Data supplied
—————

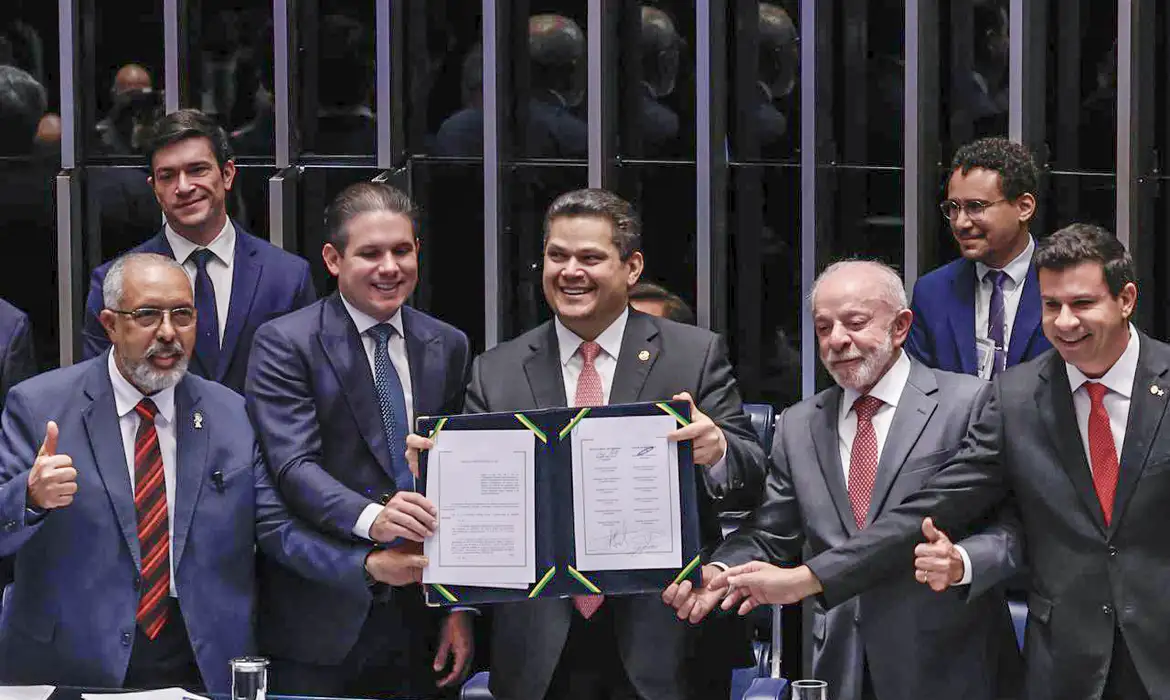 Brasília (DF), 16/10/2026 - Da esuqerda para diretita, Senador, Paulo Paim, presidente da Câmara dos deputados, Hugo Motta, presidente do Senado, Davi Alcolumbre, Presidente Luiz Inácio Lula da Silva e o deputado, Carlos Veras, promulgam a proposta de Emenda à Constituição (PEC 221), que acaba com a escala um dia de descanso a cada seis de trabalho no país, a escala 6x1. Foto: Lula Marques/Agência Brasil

—————

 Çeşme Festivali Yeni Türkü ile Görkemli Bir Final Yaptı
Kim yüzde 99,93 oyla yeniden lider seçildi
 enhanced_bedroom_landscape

—————

Activity
Taking the entries above, write out exactly the lines starting with the line containing "Çeşme Festivali Yeni" and going on through the line containing "enhanced_bedroom_landscape", both included, and nothing else.

Exercise answer
 Çeşme Festivali Yeni Türkü ile Görkemli Bir Final Yaptı
Kim yüzde 99,93 oyla yeniden lider seçildi
 enhanced_bedroom_landscape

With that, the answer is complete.